What the task asks - A faithful copy is needed of the lines below from the one with "Película Dune: Parte Dos 2023" up to and including the one with "Crew Neck Sweatshirt/Leggings"; set it down with no pictures and no other lines.

Data for review -
=======

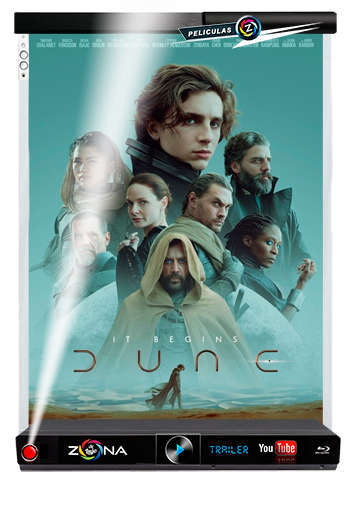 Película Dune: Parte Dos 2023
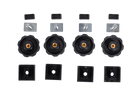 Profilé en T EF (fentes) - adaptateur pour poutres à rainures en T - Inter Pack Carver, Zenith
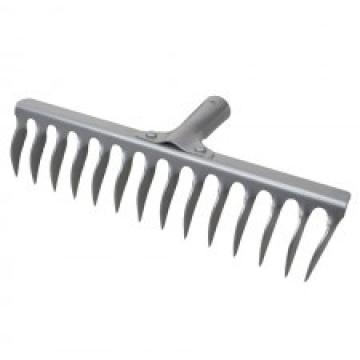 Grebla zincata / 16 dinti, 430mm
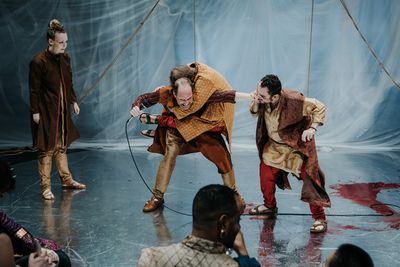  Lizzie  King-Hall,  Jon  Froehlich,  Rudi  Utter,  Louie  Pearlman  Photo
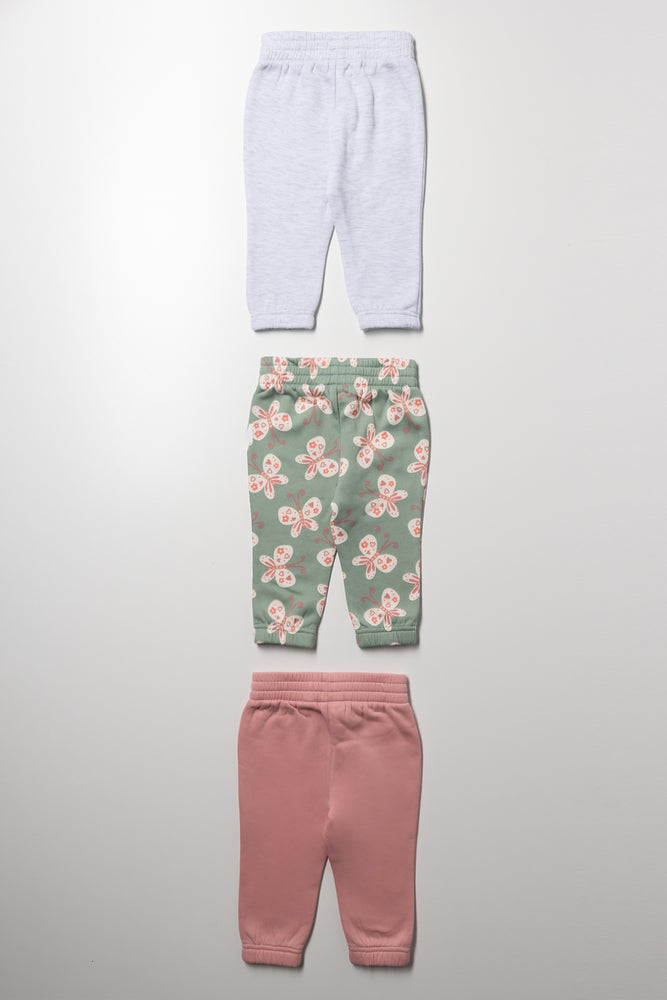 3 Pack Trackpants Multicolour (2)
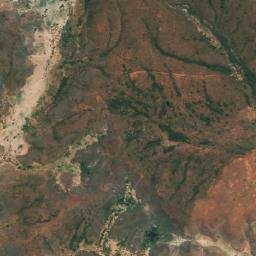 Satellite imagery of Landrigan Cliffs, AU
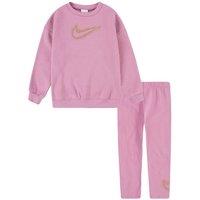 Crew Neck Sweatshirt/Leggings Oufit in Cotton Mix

=======

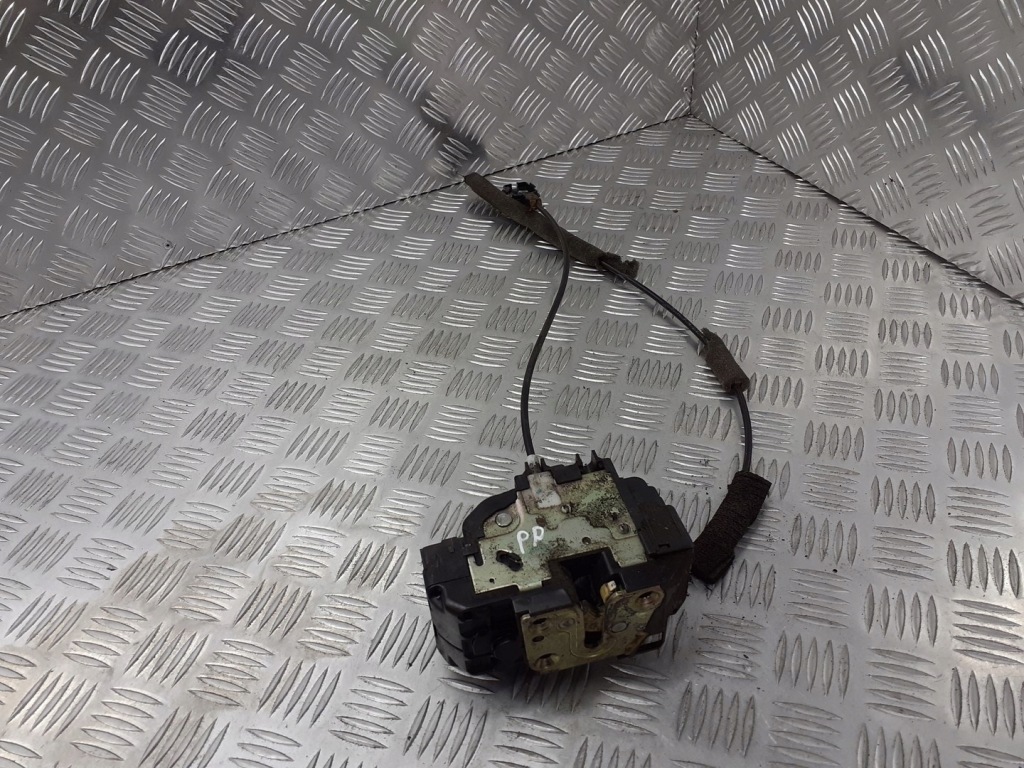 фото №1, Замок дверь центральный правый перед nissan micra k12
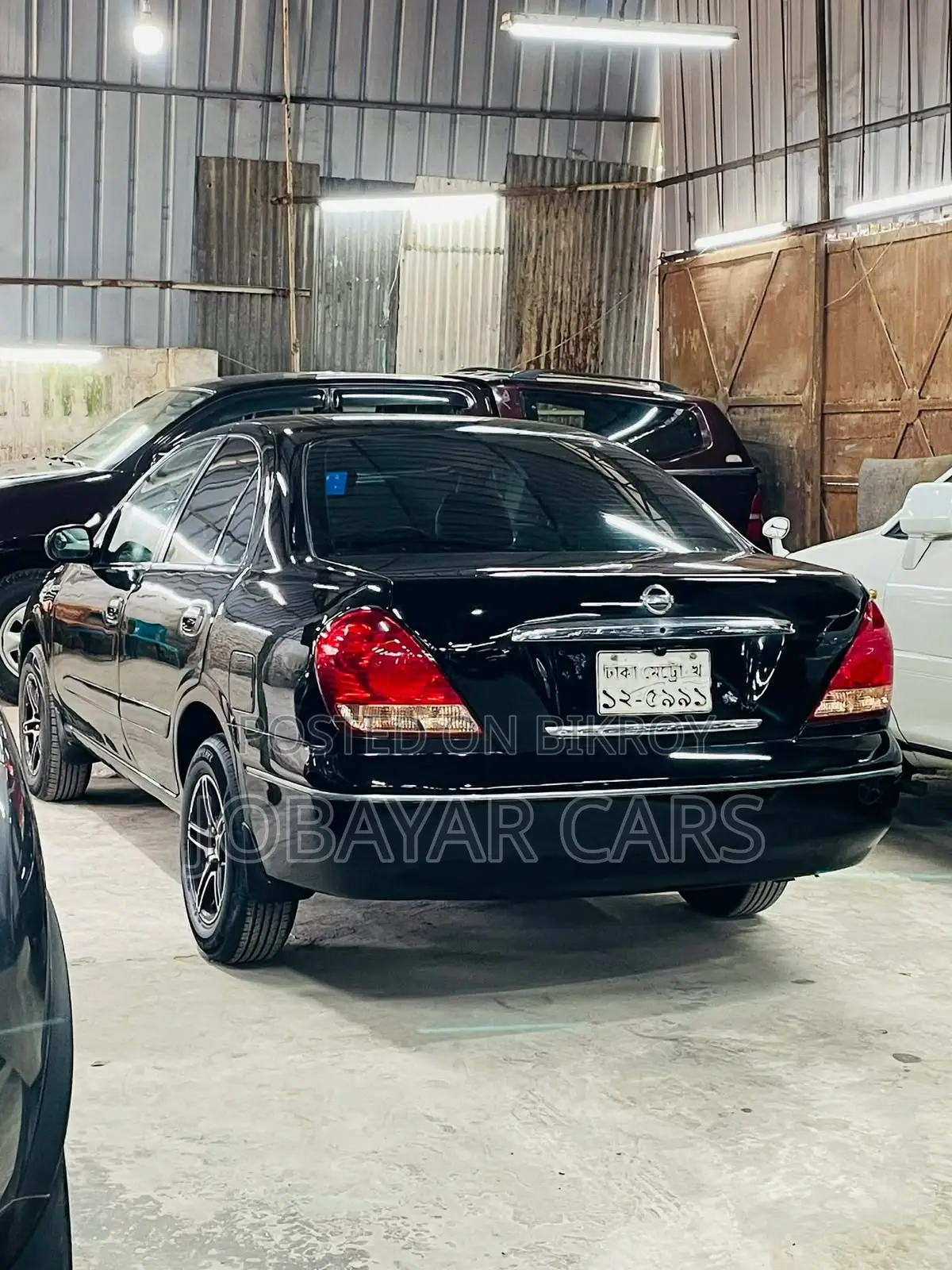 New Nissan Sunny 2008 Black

=======

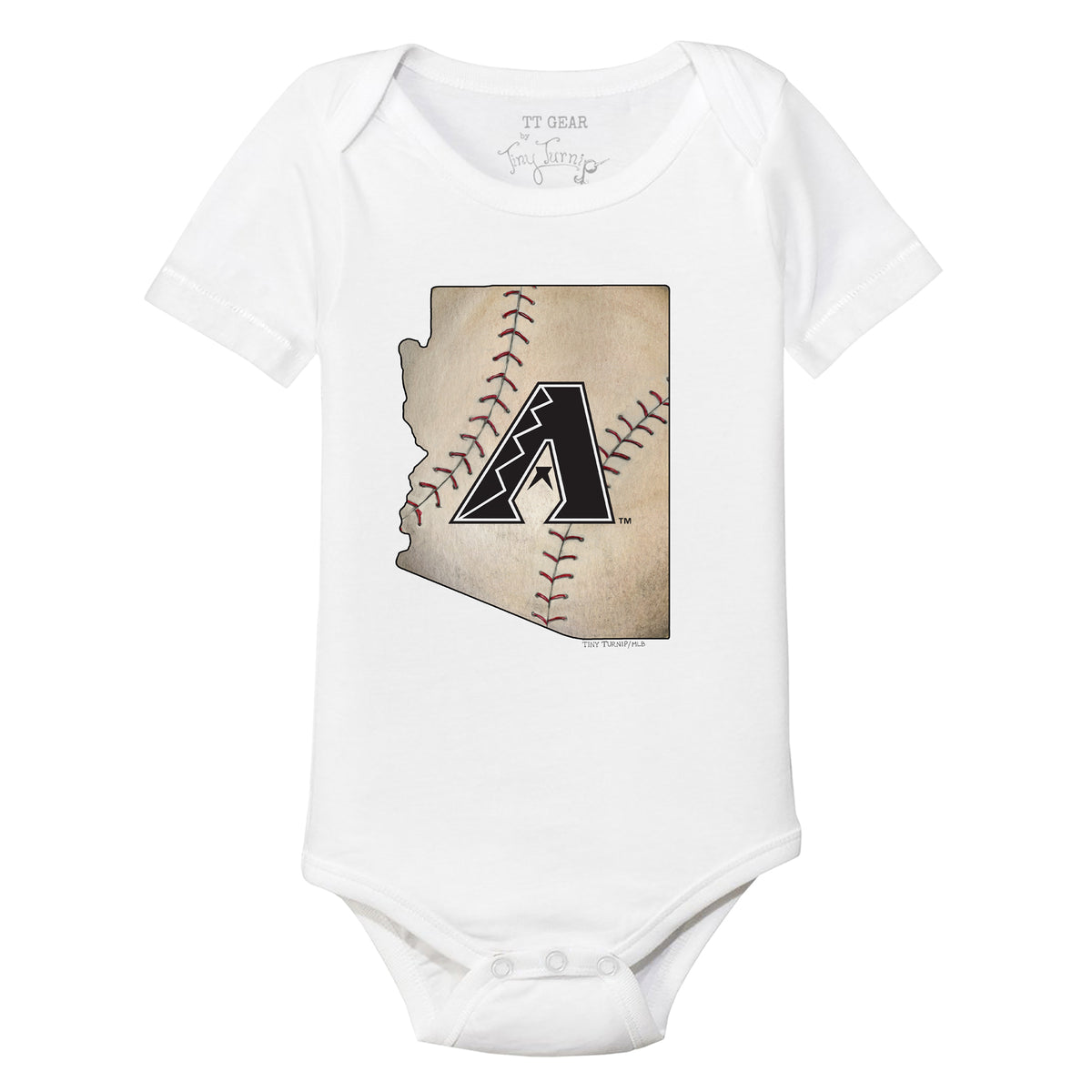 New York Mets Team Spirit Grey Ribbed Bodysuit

=======

Result -
 Película Dune: Parte Dos 2023
 Profilé en T EF (fentes) - adaptateur pour poutres à rainures en T - Inter Pack Carver, Zenith
 Grebla zincata / 16 dinti, 430mm
  Lizzie  King-Hall,  Jon  Froehlich,  Rudi  Utter,  Louie  Pearlman  Photo
 3 Pack Trackpants Multicolour (2)
 Satellite imagery of Landrigan Cliffs, AU
 Crew Neck Sweatshirt/Leggings Oufit in Cotton Mix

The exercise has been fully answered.